Why Trains Are So Great, and Why America Needs More

I grew up in the Washington, DC area riding the metro subway system for fun with my grandfather. I remember taking the Red Line, switching to the Orange/Blue line, and going to Rosslyn, Arlington to take a picture for my grandpa and a book he was writing. I remember when the Washington Metro Area Transit Authority (WMATA) extended the Green Line north of Fort Totten to Greenbelt. I was there at the Greenbelt Station as a news reporter was reporting live, but I dared not to run behind him while he was live on camera.

When my grandpa’s brother Fred was still alive and living in Brooklyn, we used to take the Amtrak, sometimes from Union Station, but other times from New Carrollton (just because it was easier and faster to get to) to New York’s Penn Station for a day trip. We’d board a train around 7:30 a.m. and be in Manhattan by 11. We’d spend the day with his brother, buy him some clothes, and take him to lunch. We’d visit a tourist attraction, then be on a train by 5 p.m. and were home by around 9:30. It was a great day, and it was so easy, and relatively inexpensive.

Today, I wonder why more people don’t use trains, where applicable, of course (you’re not go to ride a train from DC to Los Angeles, unless you care to spend two days doing it). Driving these days is going to cost you about 50 cents per mile of wear and tear on your car, using the US Government’s reimbursable rate. That accounts for fuel, repairs, and the eventuality that you will have to replace your car…every mile you drive is another one you can’t. If we estimate the trip from Washington to NYC as 200 miles, then you are already spending $200 on a round trip ($.50 x 400 miles).
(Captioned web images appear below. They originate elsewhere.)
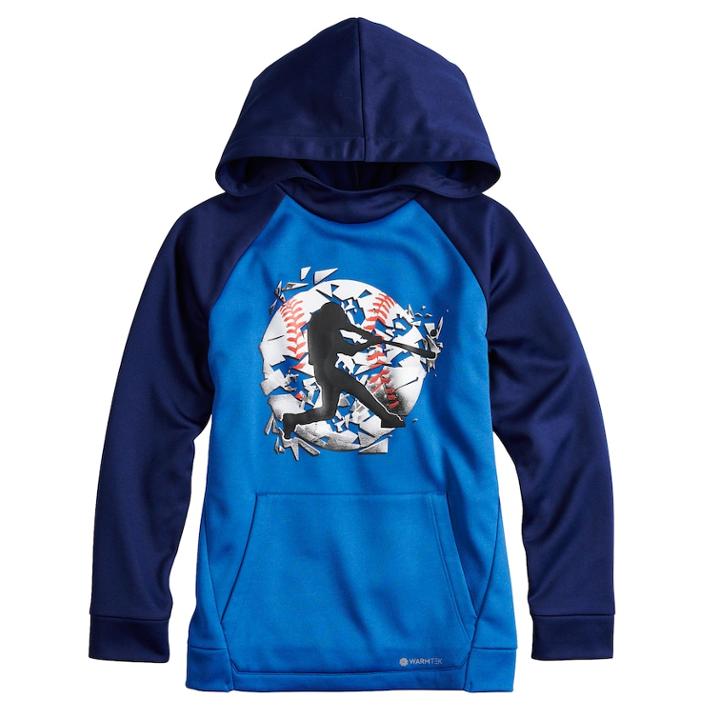 Boys 8-20 Tek Gear&reg; Performance Graphic Hoodie, Size: Medium, Blue (navy)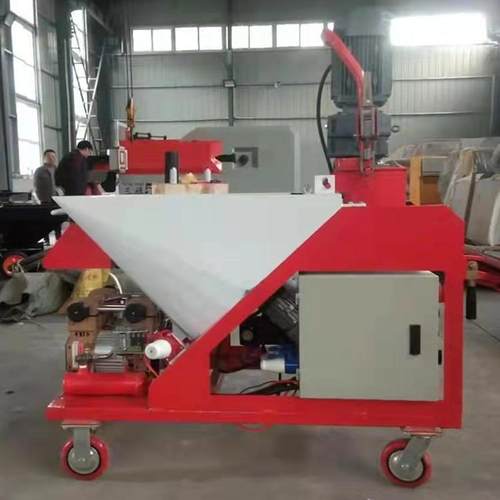 供应全自动/半自动石膏喷涂机 石膏干粉搅拌喷涂机 源厂直供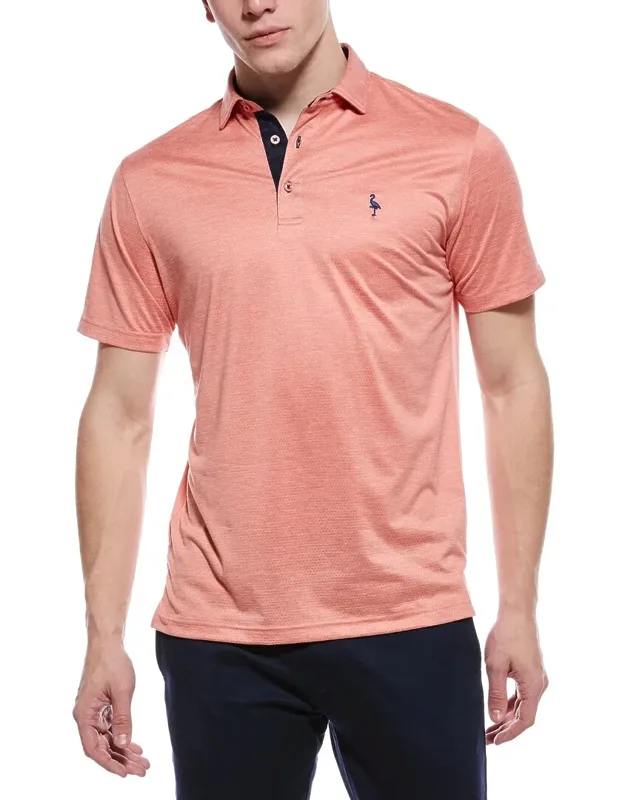 Melange Mesh Performance Polo Shirt
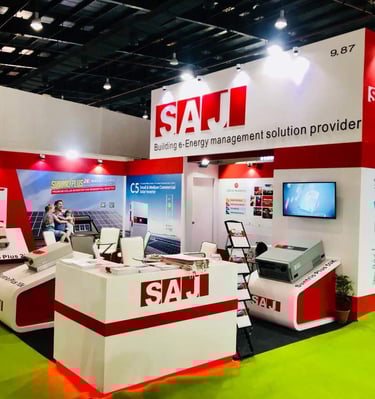 Solar exhibition we provide cusom fabricate stall , booth design and  design services to our client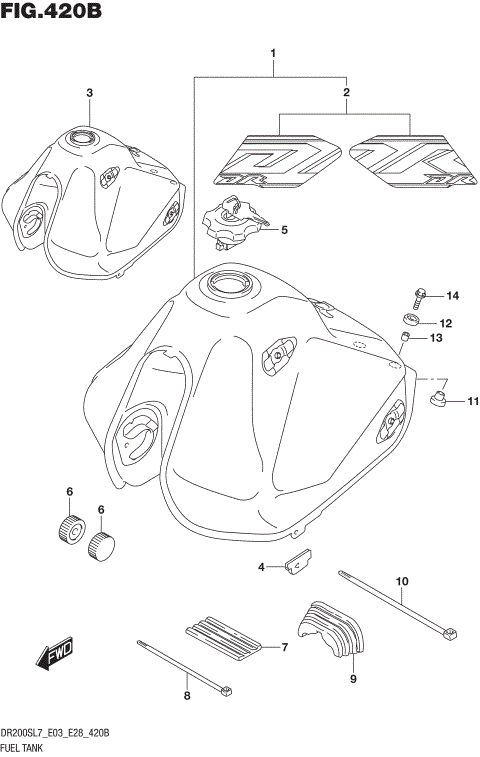 FUEL TANK (DR200SL7 E28)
Then add in the massive amount of tolls, especially the ones that NYC charges to drive into Manhattan. So why would anyone drive?

Because the national train system is subpar. It’s on time, sometimes. Its cars are old and outdated. It’s wifi works, sometimes (as I type this from a train, the wifi is not working). The train stations are crummy. Perhaps, most importantly, on the east coast corridor, the cost for getting a train ticket close to your trip is exorbitant, and it’s usually cheaper to get a plane ticket. I will admit, though, that I bought this ticket five months in advance and purchased a $98 round trip ticket.

I think of Europe–its fast, clean trains, beautiful and effective stations, and it’s continental network that seems flawless. I think of how my overnight train ride from Oslo to Bergen, Norway, was seven hours of uninterrupted sleep. I think of how I was able to easily take trains from Kortrik, Belgium to Cham, Germany, over 13 hours to see a small heavy metal concert. I couldn’t have done that in America if I were European. I thought of the train ride from Copenhagen to Berlin, where my name appeared on my seat for the duration of my journey–no more, and no less (and then I am reminded of the frenzy of passengers on this train vying for a seat as quickly as possible, because, despite my ticket saying “reserved,” in fact, nothing was). I remembered purchasing my inexpensive ticket from Berlin, Germany to Kutno, Poland the day before I was taking the trip (buying a ticket from DC to NYC the day before could cost you more than $200).

People take trains in Europe because of those reasons–effectiveness, ease, cost, convenience. We could do this in America, where it makes sense. We could reinvest in our infrastructure to make our train system that of Europe’s–effective, easy, cost-friendly, and convenient. Will we?

2 thoughts on “Why Trains Are So Great, and Why America Needs More

    1. It’s true, Mike. I understand that we might not have as dense a population in the United States, but there are certainly areas where better trains could significantly ease traffic troubles.